A 'ring-in' rocks up at WestCoast Brewers and wins the club comp!!!

..... Well done Vlad :beer: 

Things would have been different if I wasn't so busy organising the comp.... and actually remembered to bring my entry  

I've attached a pfd of the scores

View attachment 2005_Pale_er__Ales_Comp.pdf


Asher for now.....


----------



## Vlad the Pale Aler (14/6/05)

Beginners luck I'm sure.

Now whats this Mash Paddle thingy all aboot?


----------



## ausdb (14/6/05)

Yeah well done Vlad you live up to your name!!

Sorry you all had to taste my entry but feedback would be appreciated please. It was fermented at around 18-20C for about 9 days I noticed the yeast had dropped out after about 5 days (Safale 04). Racked to secondary at 1:010 and secondaried for a week at Perth ambient ~15-18C in my shed and had 2 days in the keg. All transfers were done with a bit of CO2 into the top of each vessel.

The funny thing is I couldn't pick what the diacetyl was when I bottled it (I had never really smelled it before) so it was a learning experience anyway, I can definately smell the diacetyl now as I drink a pint!!

ausdb


----------



## wee stu (14/6/05)

Vlad the Pale Aler said:


> Beginners luck I'm sure.
> 
> Now whats this Mash Paddle thingy all aboot?
> 
> ...



Well Vladdy, seeing as you asked!

The mash paddle may be a bit out of style for this particular brew, but I reckon it could find a place in the American Pale Ale section of ANAWBS  

And the rest of you guys, with all those English Bitters, Scottish Ales, and Belgians -I reckon we should be looking forward to a record WA entry into this years ANAWBS  

Mind you Vlad, I am sure you have another beer already cranked up for the paddle.

awrabest, stu


----------



## Guest Lurker (14/6/05)

ausdb said:


> Yeah well done Vlad you live up to your name!!
> 
> Sorry you all had to taste my entry but feedback would be appreciated please. It was fermented at around 18-20C for about 9 days I noticed the yeast had dropped out after about 5 days (Safale 04). Racked to secondary at 1:010 and secondaried for a week at Perth ambient ~15-18C in my shed and had 2 days in the keg. All transfers were done with a bit of CO2 into the top of each vessel.
> 
> ...



Hi Darryn

Lincoln loves the taste of diacetyl, if he had been there your score would have been much higher. 
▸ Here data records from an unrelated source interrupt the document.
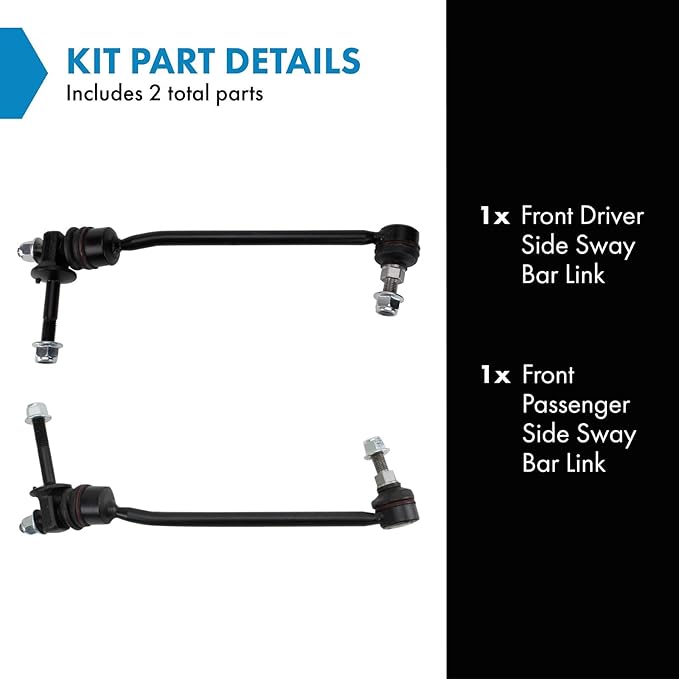 TRQ Front Sway Bar Link Set Compatible with 2015-2021 Mercedes-Benz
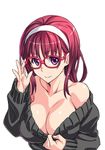  adjusting_eyewear blush breasts cleavage cleavage_reach commentary_request glasses hairband kurara-chan_(suzutsuki_kurara) large_breasts looking_at_viewer no_bra original purple_eyes purple_hair shiny solo suzutsuki_kurara 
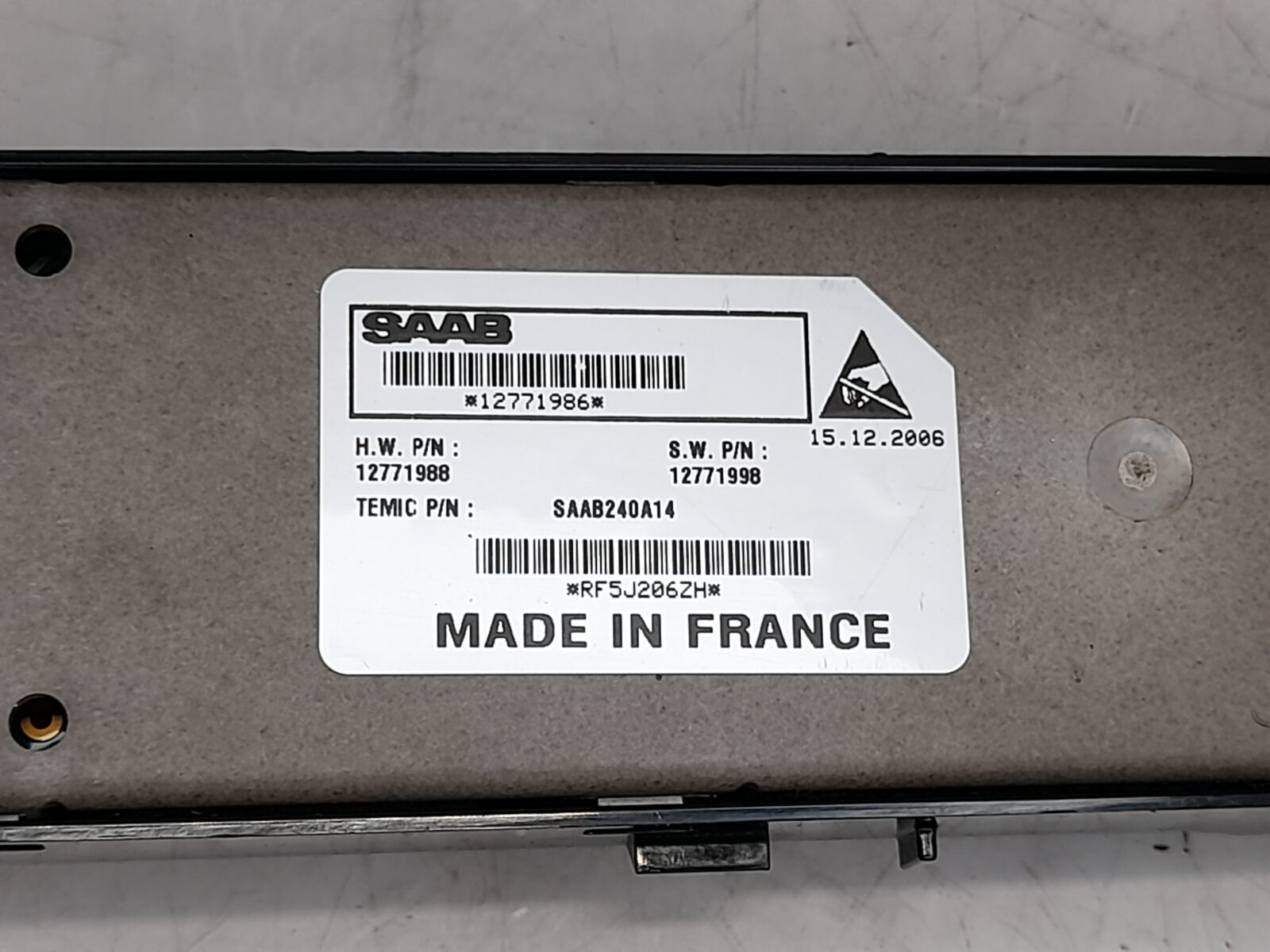 Saab 93 9-3 From 2006 CV RH Rear Switch Pack 12771986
Was the beer bottle conditioned or filled from the keg?

I think the most likely source of diacetyl in an English Bitter is the yeast not cleaning up its fermentation byproducts after itself. Sounds like you probably left it on the yeast in primary long enough for the yeast to in theory do the cleaning up. But a lot of those ale yeasts are quite flocculant, and it is worth stirring the yeast up at the end of primary to be sure that enough active yeast is around to eat the diacetyl or its precursor chemical which I cant remember right now. 1968 is supposed to be bad for that although I found 1099 to be worse.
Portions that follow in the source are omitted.